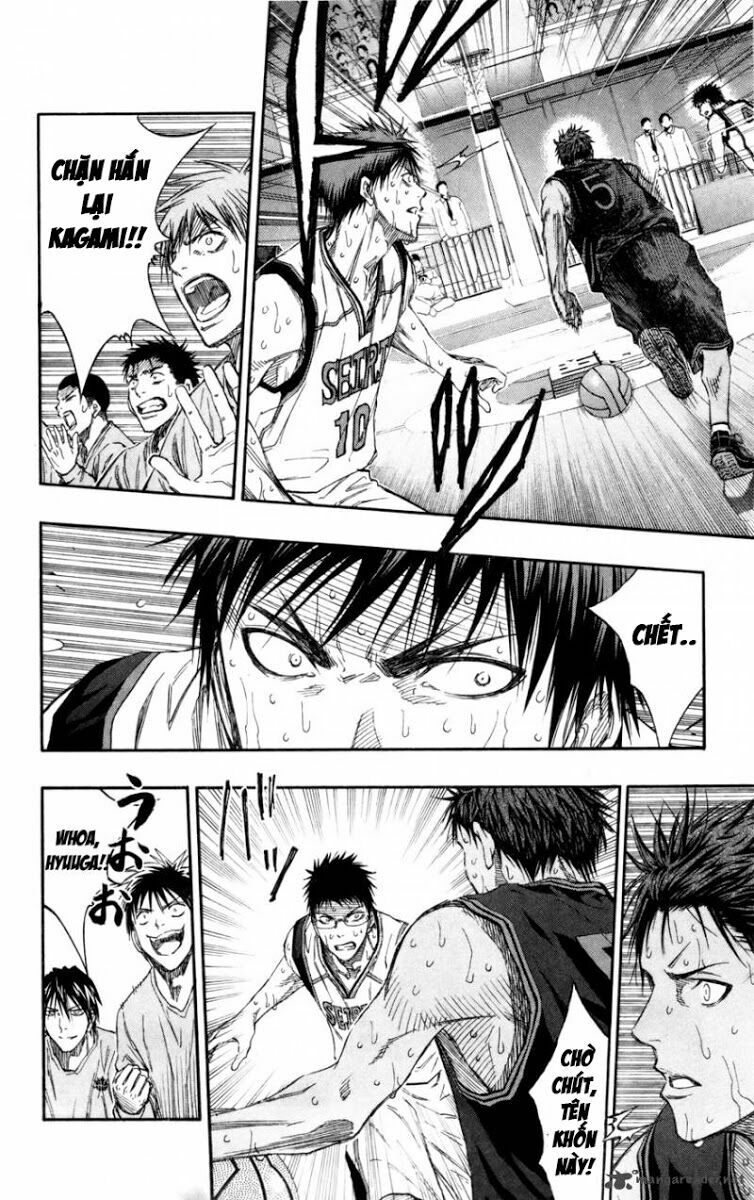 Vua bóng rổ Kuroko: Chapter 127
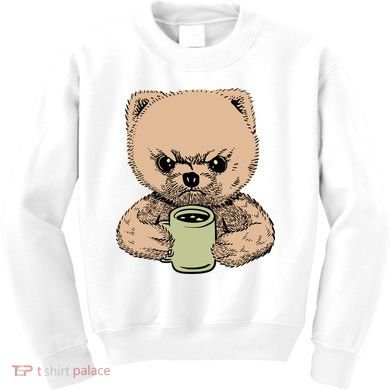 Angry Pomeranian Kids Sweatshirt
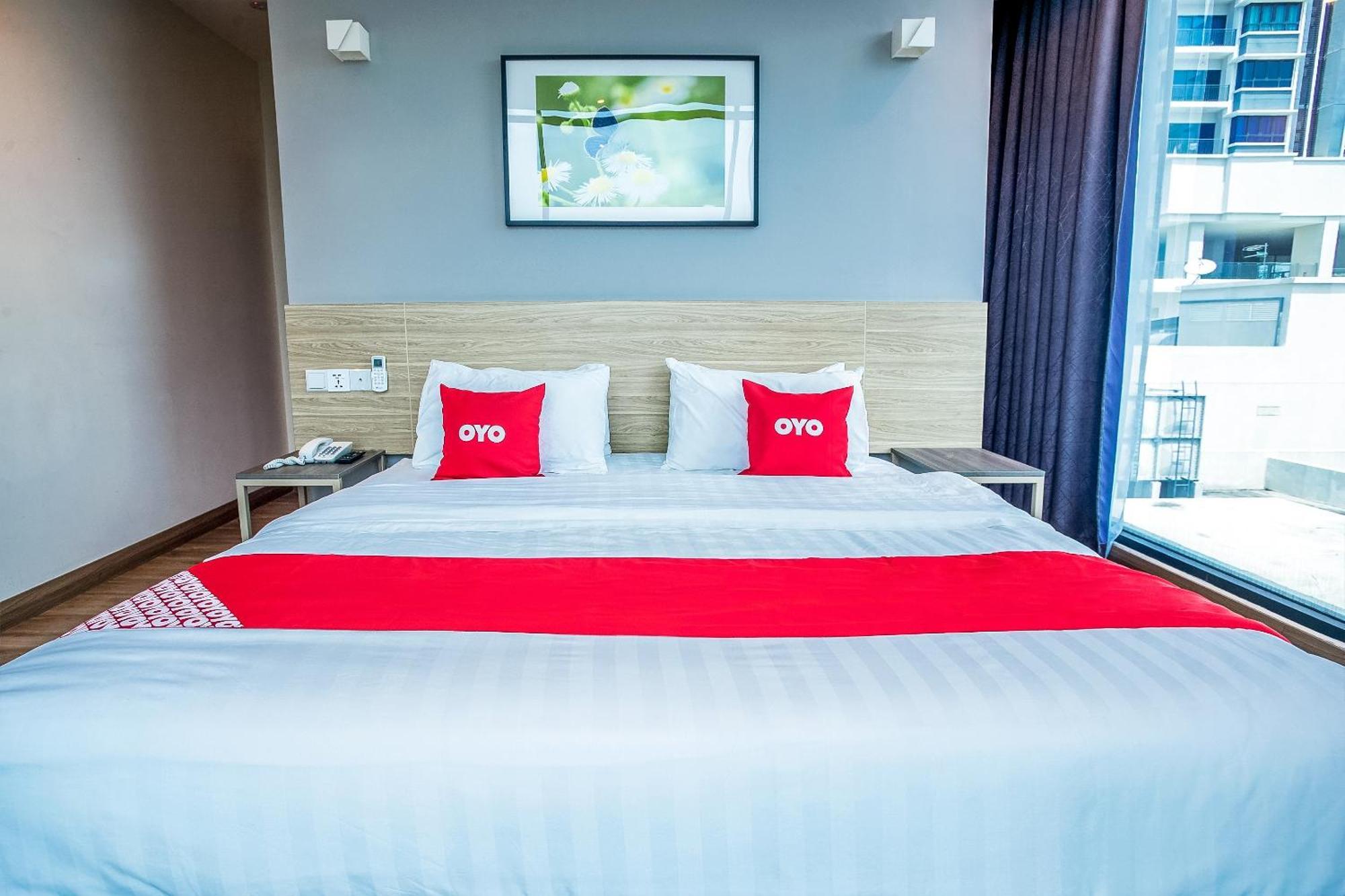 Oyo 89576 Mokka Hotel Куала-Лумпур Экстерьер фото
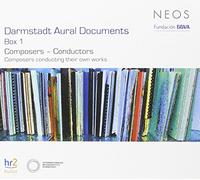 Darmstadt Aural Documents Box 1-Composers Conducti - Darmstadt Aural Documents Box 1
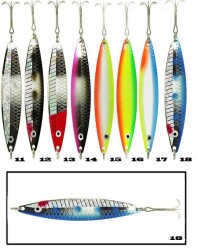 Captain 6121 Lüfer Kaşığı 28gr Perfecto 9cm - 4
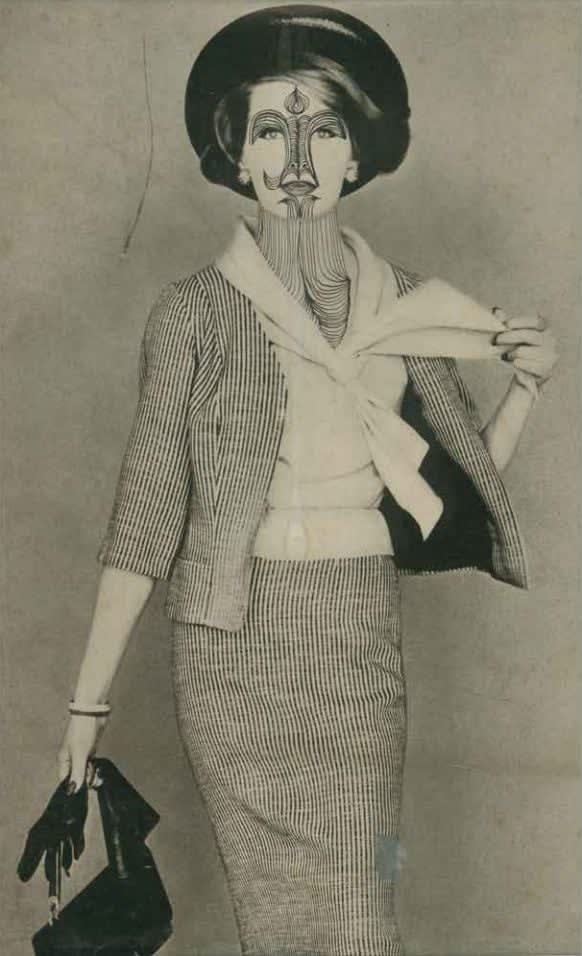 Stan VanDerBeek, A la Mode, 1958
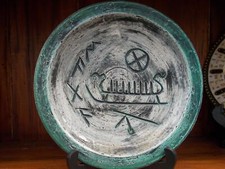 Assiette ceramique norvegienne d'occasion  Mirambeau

**Your instructions:**
The lines to restate word for word run from the line that contains "Oyo 89576 Mokka" through the end of the entries above, both ends included. Leave out all pictures and write nothing else.

**Exercise answer:**
 Oyo 89576 Mokka Hotel Куала-Лумпур Экстерьер фото
 Darmstadt Aural Documents Box 1-Composers Conducti - Darmstadt Aural Documents Box 1
 Captain 6121 Lüfer Kaşığı 28gr Perfecto 9cm - 4
 Stan VanDerBeek, A la Mode, 1958
 Assiette ceramique norvegienne d'occasion  Mirambeau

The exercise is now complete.